Why I am … Antiracist

So far this series about the way different Christian traditions have influenced me has gone from major divisions to more recent historical trends. The last three posts will be a bit more ‘ripped from the headlines’, in that I’ll be talking about movements that are front-and-centre in today’s cultural conversations. Today I’ll be talking very briefly about why I identify as antiracist.

The biggest reason is simply that as a Christian I can’t see how I can’t be. The whole teaching of the New Testament is about finding new ways of being in the world in which we are better able to show up for each other, irrespective of our differences. Jesus casts a racial ‘other’ as the hero of one of his most famous parables, and reached out across his society’s religiously-ordained boundaries to heal mind, body, and heart. And a major thrust of Paul’s teaching was all about how racial differences were to be irrelevant for membership in the Church. As an heir to these teachings, there is no way I could not work towards racial equity in the Church and in society at large.

A big part of this work as a white man is to know how to listen. It’s not always comfortable, and I may not always agree with everything I hear. But that isn’t a problem. We all need to be challenged to sit with discomfort and examine and re-examine our assumptions and beliefs about how the world works. But beyond this, by listening to voices of people with experiences very different from my own, my eyes are opened to so many things. This is a big reason why most of the theological reading I’ve done over the past few years has been by non-white theologians. For the most part, I’ve heard what the white West’s interactions with the Scriptures and tradition have to offer. There’s little new for me. But, reading the Bible with a Black, Indigenous, Latin American, or East or South Asian guide is often like reading it again for the first time, and causes me to fall more and more in love with the text.

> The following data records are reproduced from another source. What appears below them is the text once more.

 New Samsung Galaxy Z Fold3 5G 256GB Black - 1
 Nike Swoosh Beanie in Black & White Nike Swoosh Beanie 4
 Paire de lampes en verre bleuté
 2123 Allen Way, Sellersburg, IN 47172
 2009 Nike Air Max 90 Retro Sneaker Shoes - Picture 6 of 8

I’ve written a fair bit about this over the years, so rather than repeat myself, I’ll like to my page where this material is gathered: Black Theology, Anti-Racism, and Decolonization.

3 thoughts on “Why I am … Antiracist

  1. I think where many white Christians go wrong about racism in the Church is that they interpret “in Christ there is no Jew or Greek” as “we are the default and everyone should be more like us, and any reminder that not everyone is like us and doesn’t have our experiences goes against this passage in Scriptures”. It’s ‘the complainer is always wrong’ mentality combined with ‘Christianity is our particular ethnic culture’. It is causing a lot of tension in my current parish.